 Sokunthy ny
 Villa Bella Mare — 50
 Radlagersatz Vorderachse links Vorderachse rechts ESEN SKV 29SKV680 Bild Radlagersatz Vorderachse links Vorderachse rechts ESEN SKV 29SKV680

:: TASK PROMPT ::
Starting at the first line and ending at the last, restate the material word for word.

:: EXERCISE OUTPUT ::
 Sokunthy ny
 Villa Bella Mare — 50
 Radlagersatz Vorderachse links Vorderachse rechts ESEN SKV 29SKV680 Bild Radlagersatz Vorderachse links Vorderachse rechts ESEN SKV 29SKV680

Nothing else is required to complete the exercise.